Les regretterais-tu ? Pour bêcher plus à l’aise,
Il fait bien moins de vent au pied de la falaise ;
Heureux qui du gros temps, où sombra son bateau,
A sauvé comme toi sa bêche et son râteau !
Quand l’homme se resserre à sa juste mesure,
Un coin d’ombre pour lui c’est toute la nature ;
L’orateur du Forum, le poète badin,
Horace et Cicéron, qu’aimaient-ils ? un jardin :
L’un à Tibur trempé des grottes de Neptune,
L’autre en son Tusculum plein d’échos de tribune.

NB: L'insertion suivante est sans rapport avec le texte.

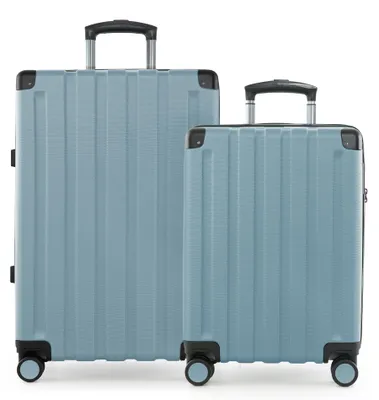 Immagine prodotto di HAUPTSTADTKOFFER Q-Damm - Set di valigie  Valigia da cabina + valigia da viaggio di medie dimensioni con espansione, set di 2 valigie rigide, 4 ruote, Check-In Luggage, TSA, blu piscina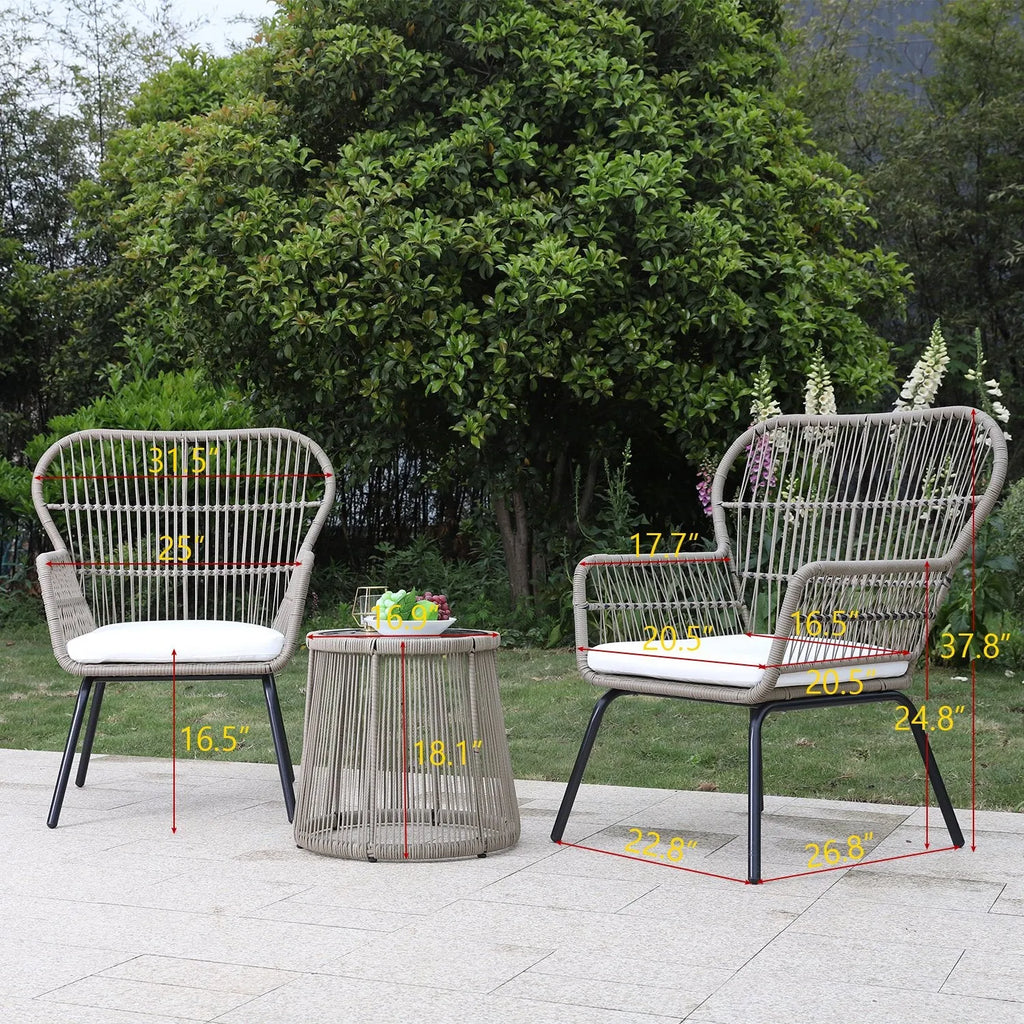 3-Piece Outdoor Rattan Conversation Set With Cushions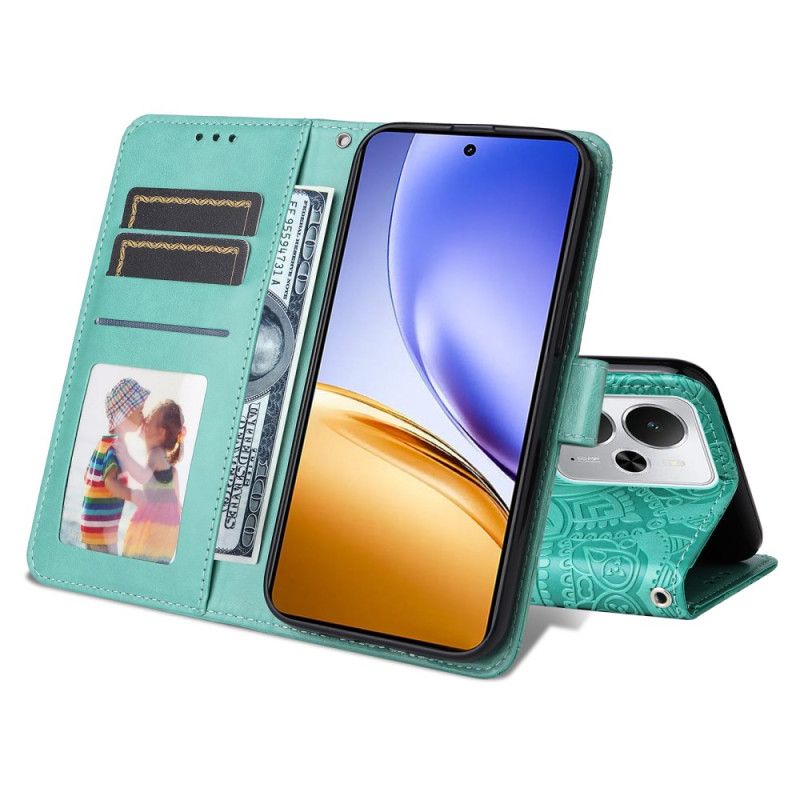 Læder Cover Realme 14 5g Telefon Etui Solsikkedesign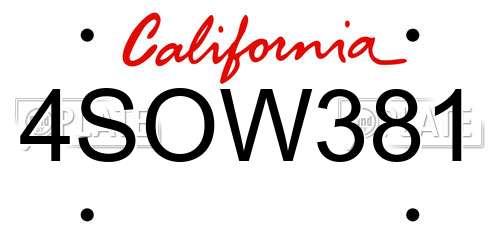 4SOW381 California License Plate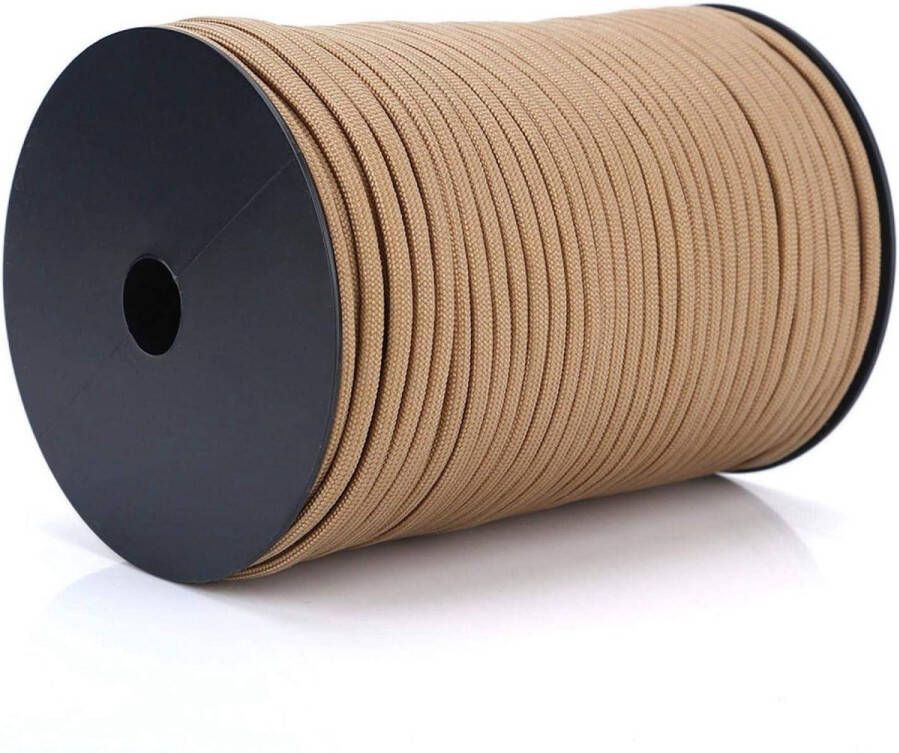 Reflecterende Parachute Cord Lanyard 100 M Paracord 550 9 Strengen Core Outdoor Parachutisten Pull Rescue Tent Touw Camo Zand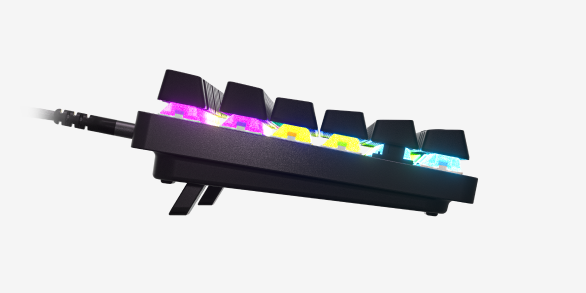 
 A side shot of the Apex 9 keyboard's height adjustable tilt legs.
 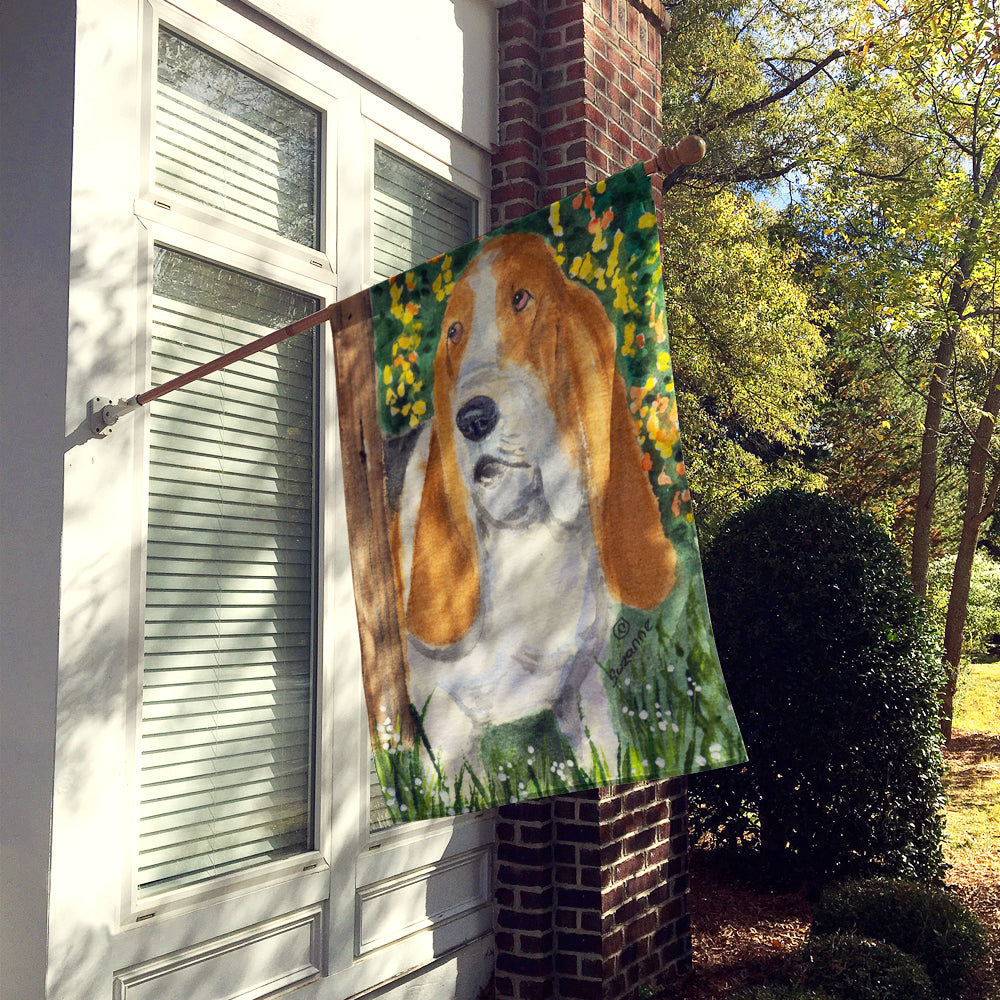 Basset Hound House Flag 28x40 Porch Sleeve Pole Decorative Outside Yard Banner Artwork Wall Hanging, Polyester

Un jardin qu’en cent pas l’homme peut parcourir,
Va ! c’est assez pour vivre et même pour mourir !

J’ai toujours envié la mort de ce grand homme,
Esprit athénien dans un consul de Rome,
Doué de tous les dons parfaits, quoique divers,
Fulminant dans sa prose et rêveur dans ses vers,
Cicéron en un mot, âme encyclopédique,
Digne de gouverner la saine république,
Si Rome, riche en maître et pauvre en citoyen,
Avait pu supporter l’œil d’un homme de bien !
Peut-être sous César trop souple au diadème,
Mais par pitié pour Rome et non pas pour lui-même !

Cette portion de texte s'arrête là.